Pasien yang memiliki erosi yang signifikan dari labirin klasik ini datang dengan

vertigo subjektif dan tes fistula yang positif pada pemeriksaan. Sayangnya, gambaran klasik

tidak sensitif dalam identifikasi preoperatif fistula. Vertigo periodik atau disekuilibrium yang

signifikan ditemukan pada 62% sampai 64% dari pasien yang memiliki fistula sebelum

operasi. Tes fistula positif dalam 32% sampai 50% dari pasien yang ditemukan memiliki

fistula selama eksplorasi bedah. Meskipun kehilangan pendengaran sensorineural ditemukan

di sebagian besar pasien (68%), itu bukan indikator yang sensitif untuk fistula. Meskipun

adanya gangguan pendengaran sensorineural, vertigo, atau tes fistula positif pada pasien yang

memiliki cholesteatoma harus meningkatkan kecurigaan untuk fistula, tidak adanya tanda-

tanda tadi tidak menjamin labirin tulang utuh. Hal ini sebagai alasan bahwa pendekatan bedah

yang bijaksana adalah dengan mengasumsikan adanya fistula di setiap kasus cholesteatoma,

untuk mencegah komplikasi yang tak terduga.

Page 16: Case Tht Ernita

Walaupun pencitraan universal untuk semua pasien yang memiliki cholesteatoma

belum standar, tinjauan literatur menunjukkan bahwa penggunaan pencitraan CT pra operasi

meningkat. Karena ketidakmampuan untuk secara akurat mendiagnosis fistula preoperatif atas

dasar klinis, peningkatan dalam pencitraan merupakan upaya untuk meningkatkan deteksi

suatu labirin, nervus facialis , atau dura yang terkena, untuk membantu dalam perencanaan

operasi.

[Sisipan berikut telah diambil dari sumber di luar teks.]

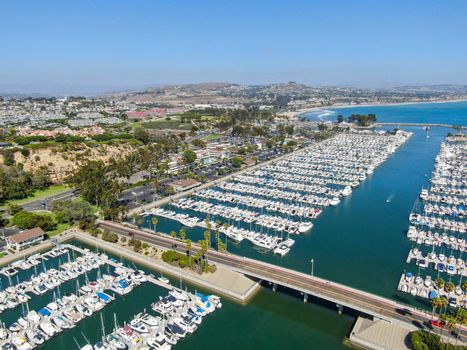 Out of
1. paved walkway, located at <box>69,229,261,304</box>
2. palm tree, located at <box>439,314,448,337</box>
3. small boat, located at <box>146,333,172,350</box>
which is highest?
palm tree, located at <box>439,314,448,337</box>

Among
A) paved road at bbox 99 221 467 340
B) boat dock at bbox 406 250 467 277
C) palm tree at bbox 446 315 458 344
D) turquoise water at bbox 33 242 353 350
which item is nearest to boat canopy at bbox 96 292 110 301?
turquoise water at bbox 33 242 353 350

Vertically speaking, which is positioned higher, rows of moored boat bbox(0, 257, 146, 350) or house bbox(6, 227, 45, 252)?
house bbox(6, 227, 45, 252)

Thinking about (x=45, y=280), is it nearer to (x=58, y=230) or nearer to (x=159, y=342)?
(x=58, y=230)

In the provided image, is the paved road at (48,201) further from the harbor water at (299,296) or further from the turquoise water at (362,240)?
the turquoise water at (362,240)

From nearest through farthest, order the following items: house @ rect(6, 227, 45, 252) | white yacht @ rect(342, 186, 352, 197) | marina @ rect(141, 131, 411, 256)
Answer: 1. house @ rect(6, 227, 45, 252)
2. marina @ rect(141, 131, 411, 256)
3. white yacht @ rect(342, 186, 352, 197)

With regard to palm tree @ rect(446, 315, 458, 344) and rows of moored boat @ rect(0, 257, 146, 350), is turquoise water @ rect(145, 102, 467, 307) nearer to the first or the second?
palm tree @ rect(446, 315, 458, 344)

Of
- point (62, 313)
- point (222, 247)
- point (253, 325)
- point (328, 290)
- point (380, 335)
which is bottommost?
point (253, 325)

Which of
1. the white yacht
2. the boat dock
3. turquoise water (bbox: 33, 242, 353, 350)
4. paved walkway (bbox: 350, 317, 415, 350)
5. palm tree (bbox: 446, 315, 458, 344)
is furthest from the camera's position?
the white yacht

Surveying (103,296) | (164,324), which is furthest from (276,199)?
(164,324) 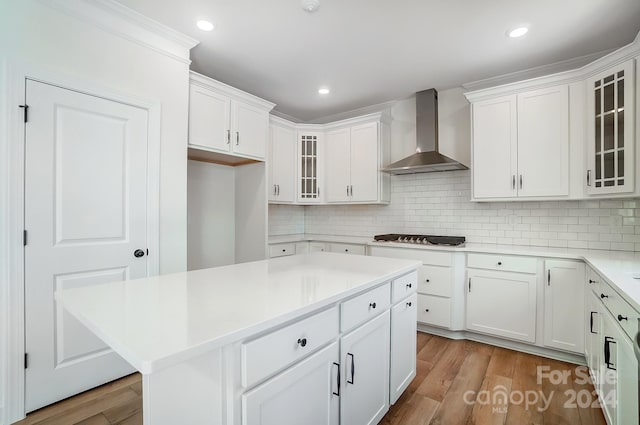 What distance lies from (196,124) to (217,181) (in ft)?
3.41

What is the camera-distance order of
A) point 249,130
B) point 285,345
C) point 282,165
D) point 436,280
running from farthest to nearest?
1. point 282,165
2. point 249,130
3. point 436,280
4. point 285,345

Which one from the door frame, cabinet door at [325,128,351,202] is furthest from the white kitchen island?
cabinet door at [325,128,351,202]

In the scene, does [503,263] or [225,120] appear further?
[225,120]

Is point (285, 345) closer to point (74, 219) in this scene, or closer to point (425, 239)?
point (74, 219)

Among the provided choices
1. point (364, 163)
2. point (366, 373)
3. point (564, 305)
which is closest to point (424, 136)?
point (364, 163)

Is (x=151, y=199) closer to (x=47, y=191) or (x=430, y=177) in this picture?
(x=47, y=191)

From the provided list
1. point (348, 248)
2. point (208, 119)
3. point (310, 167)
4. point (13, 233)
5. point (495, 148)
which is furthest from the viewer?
point (310, 167)

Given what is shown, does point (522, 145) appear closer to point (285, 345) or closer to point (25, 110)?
point (285, 345)

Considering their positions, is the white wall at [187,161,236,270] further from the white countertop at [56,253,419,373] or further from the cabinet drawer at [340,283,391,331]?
the cabinet drawer at [340,283,391,331]

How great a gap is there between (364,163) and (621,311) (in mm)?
2882

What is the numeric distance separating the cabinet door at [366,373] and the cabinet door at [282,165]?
101 inches

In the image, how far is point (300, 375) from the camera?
1148mm

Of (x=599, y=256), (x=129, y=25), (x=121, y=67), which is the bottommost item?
(x=599, y=256)

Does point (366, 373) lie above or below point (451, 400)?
above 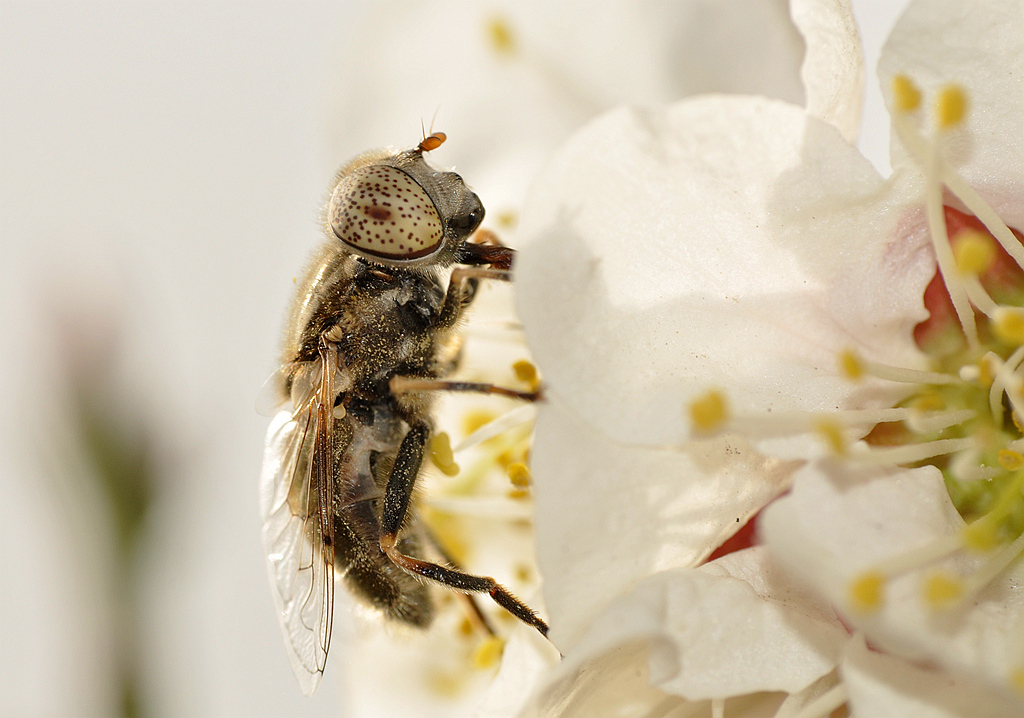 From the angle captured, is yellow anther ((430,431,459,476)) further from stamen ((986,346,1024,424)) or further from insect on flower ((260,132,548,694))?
stamen ((986,346,1024,424))

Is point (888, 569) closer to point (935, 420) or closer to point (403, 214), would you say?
point (935, 420)

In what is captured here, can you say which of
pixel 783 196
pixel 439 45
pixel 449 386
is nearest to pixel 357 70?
→ pixel 439 45

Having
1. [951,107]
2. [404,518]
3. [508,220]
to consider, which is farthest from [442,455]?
[951,107]

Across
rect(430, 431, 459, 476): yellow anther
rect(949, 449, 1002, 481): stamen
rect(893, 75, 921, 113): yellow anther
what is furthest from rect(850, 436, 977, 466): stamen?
rect(430, 431, 459, 476): yellow anther

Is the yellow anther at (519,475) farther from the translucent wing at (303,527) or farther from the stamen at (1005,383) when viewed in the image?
the stamen at (1005,383)

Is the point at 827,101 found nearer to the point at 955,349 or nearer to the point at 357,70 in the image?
the point at 955,349

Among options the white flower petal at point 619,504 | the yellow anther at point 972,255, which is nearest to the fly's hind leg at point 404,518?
the white flower petal at point 619,504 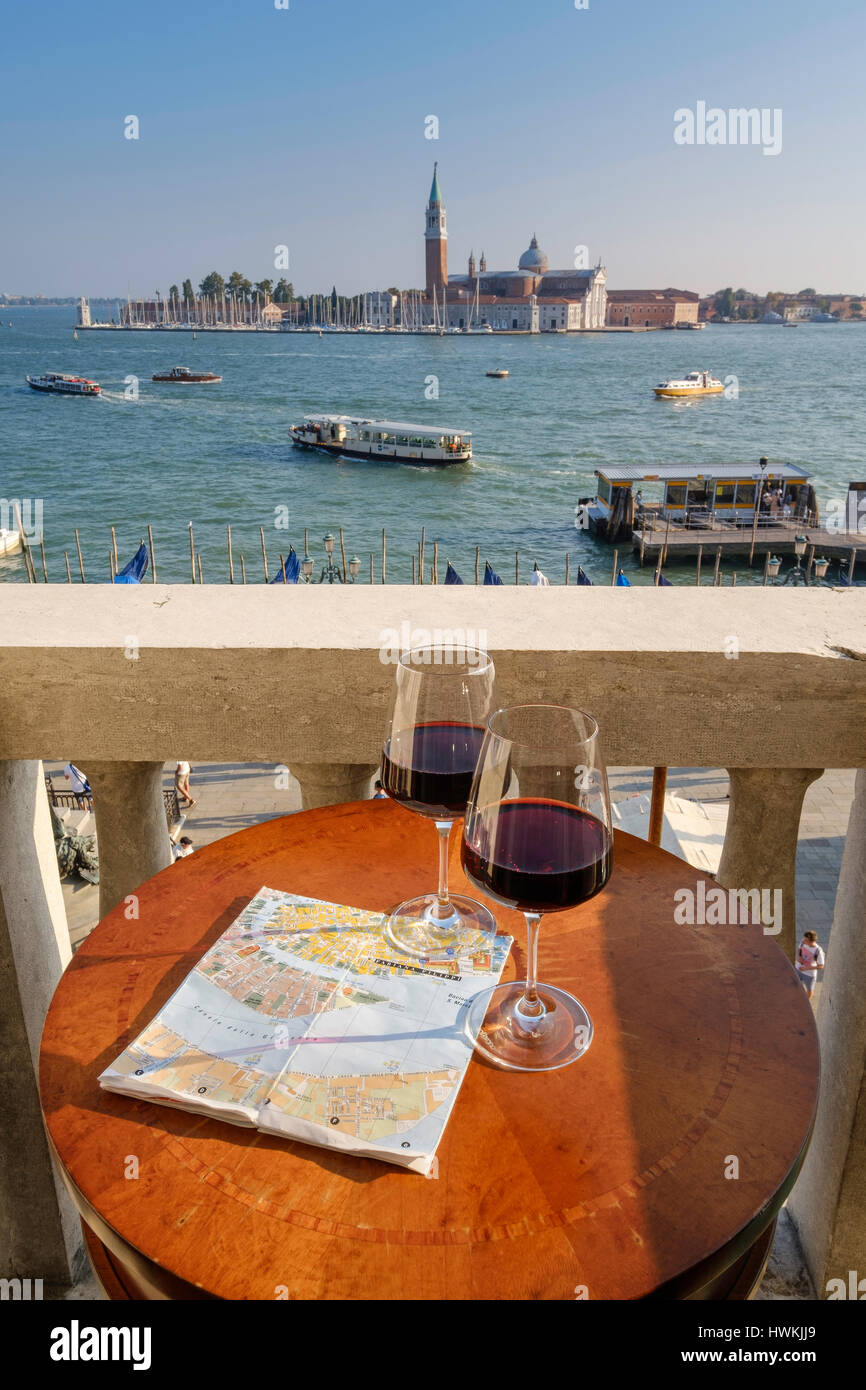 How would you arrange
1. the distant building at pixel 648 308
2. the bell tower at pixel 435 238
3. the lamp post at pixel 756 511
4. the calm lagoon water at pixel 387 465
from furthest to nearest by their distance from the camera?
1. the distant building at pixel 648 308
2. the bell tower at pixel 435 238
3. the calm lagoon water at pixel 387 465
4. the lamp post at pixel 756 511

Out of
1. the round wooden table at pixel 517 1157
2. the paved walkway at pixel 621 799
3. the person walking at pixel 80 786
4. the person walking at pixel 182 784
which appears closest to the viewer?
the round wooden table at pixel 517 1157

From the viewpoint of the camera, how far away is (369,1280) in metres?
0.72

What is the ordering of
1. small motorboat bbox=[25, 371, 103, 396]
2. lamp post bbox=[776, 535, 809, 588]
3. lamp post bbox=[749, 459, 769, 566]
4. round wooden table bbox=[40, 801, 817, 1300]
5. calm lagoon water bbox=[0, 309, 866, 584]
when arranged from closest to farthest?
round wooden table bbox=[40, 801, 817, 1300]
lamp post bbox=[776, 535, 809, 588]
lamp post bbox=[749, 459, 769, 566]
calm lagoon water bbox=[0, 309, 866, 584]
small motorboat bbox=[25, 371, 103, 396]

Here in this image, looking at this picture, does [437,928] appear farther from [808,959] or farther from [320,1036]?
[808,959]

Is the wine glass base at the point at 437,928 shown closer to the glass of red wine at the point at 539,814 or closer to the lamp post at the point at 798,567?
the glass of red wine at the point at 539,814

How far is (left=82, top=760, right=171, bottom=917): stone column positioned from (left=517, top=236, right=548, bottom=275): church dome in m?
137

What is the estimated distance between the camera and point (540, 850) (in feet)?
2.93

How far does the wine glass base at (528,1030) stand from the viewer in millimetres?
950

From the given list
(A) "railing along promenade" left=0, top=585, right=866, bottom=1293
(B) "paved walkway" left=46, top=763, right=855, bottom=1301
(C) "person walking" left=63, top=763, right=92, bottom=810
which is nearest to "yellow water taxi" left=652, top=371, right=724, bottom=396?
(B) "paved walkway" left=46, top=763, right=855, bottom=1301

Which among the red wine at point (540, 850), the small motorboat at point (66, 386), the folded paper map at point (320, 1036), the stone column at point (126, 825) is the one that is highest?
the small motorboat at point (66, 386)

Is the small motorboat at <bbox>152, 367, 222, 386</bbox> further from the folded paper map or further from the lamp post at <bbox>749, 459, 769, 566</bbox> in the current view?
the folded paper map

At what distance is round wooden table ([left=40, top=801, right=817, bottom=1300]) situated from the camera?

Sayangnya, kemampuan untuk mendeteksi fistula secara akurat pada CT pra operasi

telah dilaporkan sebagai 57% sampai 60%. Dalam laporan saat ini CT scan tidak lebih sensitif

dari pada anamnesis dan pemeriksaan fisik dalam mendeteksi fistula labirin. Diagnosis

definitif untuk fistula hanya dibuat intraoperatif, yang menegaskan kembali kebutuhan untuk

menangani semua kasus cholesteatoma dengan hati-hati.

Mastoiditis Coalescent

Mastoiditis adalah spektrum penyakit yang harus didefinisikan dengan tepat untuk

diterapi secara memadai. Mastoiditis, didefinisikan sebagai penebalan mukosa atau efusi

mastoid, adalah umum dalam suatu otitis akut atau kronis, dan dilihat secara rutin pada CT

scan. Mastoiditis secara klinis menyajikan postauricular eritema, nyeri, dan edema, dengan

daun telinga ke arah posterior dan inferior. Pemeriksaan lebih lanjut diindikasikan untuk

menentukan pengobatan yang paling tepat.

Diagnosis

Dengan adanya mastoiditis klinis, CT scan harus dilakukan untuk mengevaluasi abses

subperiosteal atau mastoiditis coalescent. Mastoiditis Coalescent adalah proses akut, infeksi

tulang mastoid, dengan kehilangan karakteristik tulang trabekuler. Ini adalah komplikasi yang

jarang terjadi dan terlihat biasanya pada anak-anak muda dengan OMA. Klasik, mastoiditis

coalescent digambarkan sebagai terjadi di mastoid yang terpneumatisasi pada OMA yang

tidak sempurna diobati, sedangkan otitis kronis dan cholesteatoma terjadi pada tulang

temporal sklerotik. Namun, sebanyak 25% dari kasus mastoiditis coalescent telah dilaporkan

terjadi pada tulang temporal sklerotik dengan OMK dan kolesteatoma.

Facial Paralysis

Otogenic yang menyebabkan kelumpuhan saraf wajah termasuk OMA, OMK tanpa

cholesteatoma, dan cholesteatoma. Yang pertama biasanya terjadi dengan saluran tuba pecah

dalam segmen timpani yang memungkinkan kontak langsung mediator inflamasi dengan saraf

Page 17: Case Tht Ernita

wajah itu sendiri. OMK dengan atau tanpa cholesteatoma dapat mengakibatkan kelumpuhan

wajah melalui keterlibatan saraf pecah, atau melalui erosi tulang. Kelumpuhan wajah sekunder

untuk OMA sering terjadi pada anak dengan paresis tidak lengkap yang datang tiba-tiba dan

biasanya singkat dengan pengobatan yang tepat. Di sisi lain, kelumpuhan sekunder pada OMK

atau kolesteatoma sering menyebabkan kelumpuhan wajah progresif lambat dan memiliki

prognosis yang lebih buruk.

Diagnosis

Diagnosis kelumpuhan wajah otogenic dibuat atas dasar klinis. Paresis atau

kelumpuhan wajah pada OMA, OMK, atau kolesteatoma bukanlah diagnosis yang sulit untuk

dibuat hanya dengan pemeriksaan sendiri. Peran diagnostik pencitraan CT dipertanyakan.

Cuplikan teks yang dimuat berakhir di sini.